Which brings us to the latest Palin baby story that isn't quite holding water. Supposedly her daughter, Bristol, gave birth to a baby boy on Dec. 27, which is supposed to prove somehow that Sarah is the biological mother of Trig. That was more than three weeks ago. In those three weeks, no one in the media or on the internet has reported seeing hide nor hair of the alleged new baby, of Bristol, or of her alleged boyfriend and the alleged father of said child. There has not been seen even a single blurry cell phone picture of the child. The news was announced by a shirt-tail relative in Kennewick, Washington, and no one has ever been told precisely where the baby was born, or under what circumstances, or where he has been kept all this time.

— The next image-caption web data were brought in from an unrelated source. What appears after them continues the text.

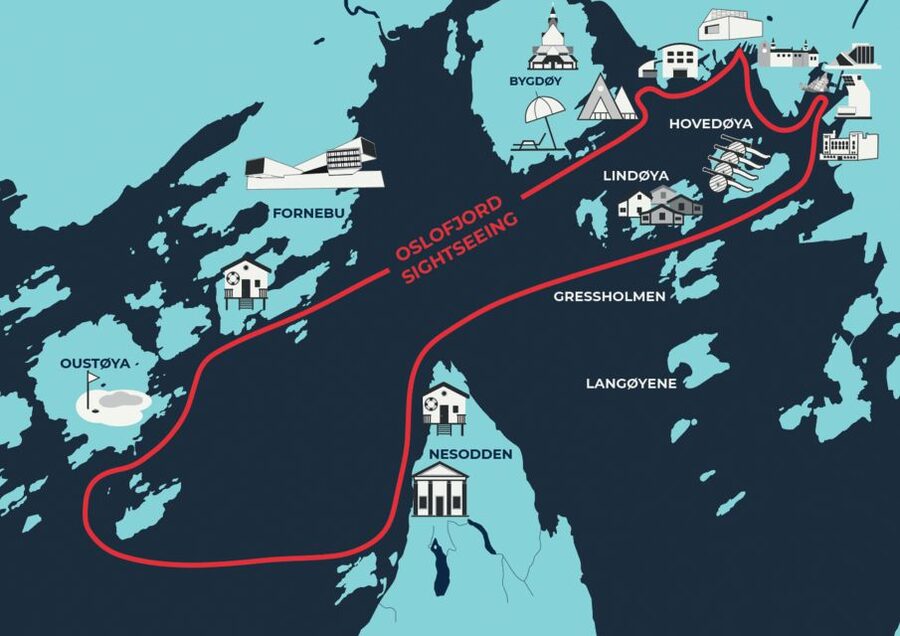 Oslo: 100% Electric Oslofjord Sightseeing Cruise - Snacks, coffee, Wi-Fi, and practical extras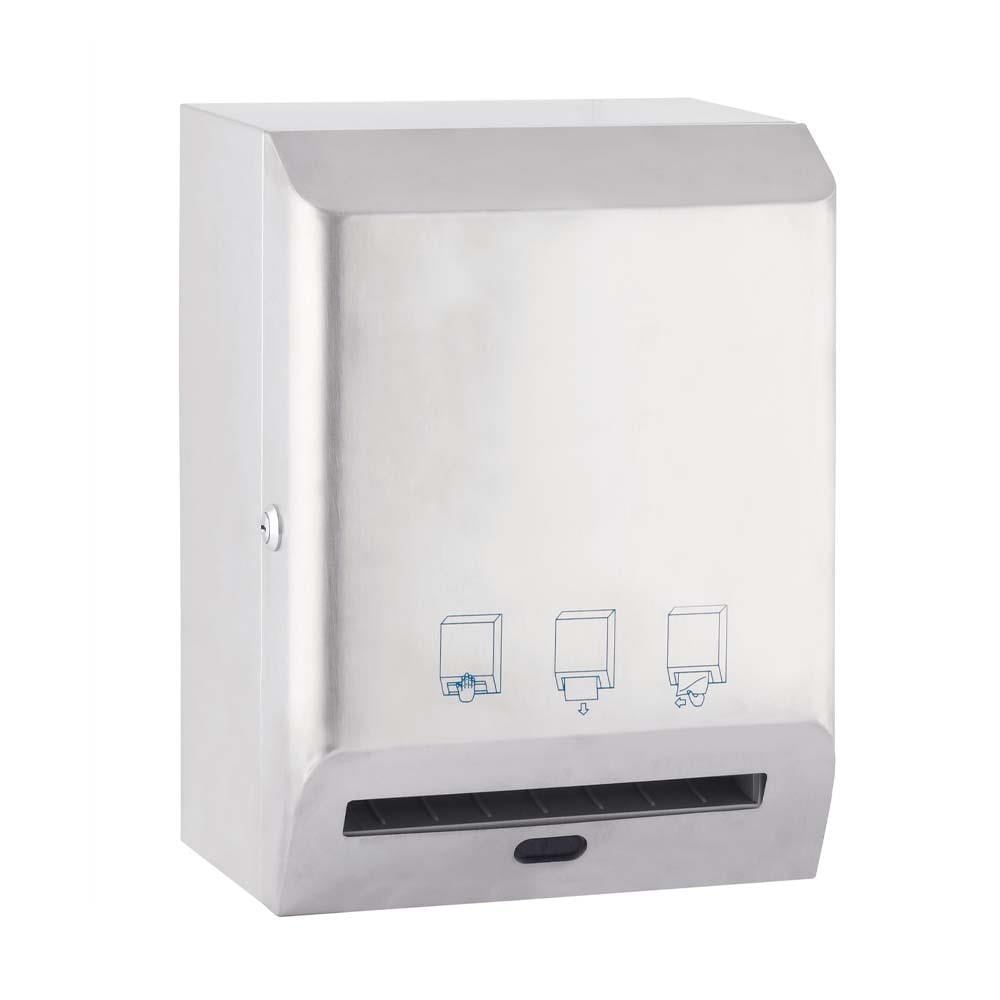 FOTOSELLİ KAĞIT HAVLU MAKİNESİ 304K SATİNE PÇ. GÖV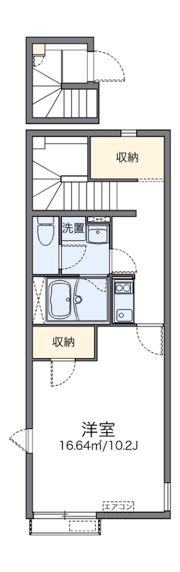 レオネクスト竹豊の間取り画像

Given that Bristol's pregnancy is a key feature to the official Trig story, do you think it odd that Palin has not offered a shred of evidence to support the birth of her supposed grandson other than her own word and blustery insults to those who would dare ask questions about the matter?
Either Sarah Palin is continuing to lie through her teeth, or else she is flipping the bird, big time, to the media and the public. Is that the kind of person who should hold any kind of national office? Keep her behavior on this issue in mind when the evangelical extremists wheel her out, time after time, in the years ahead, for your approval. She's exhibiting some personal attributes here that make her supremely unfit for a leadership position.
UPDATE, 1/20, 1:09 a.m.: In my list of name-callers, I neglected to mention the dude who publishes Orbusmax, the Seattle Drudge-wannabe site. He used to like me, but that was before Sarah Palin.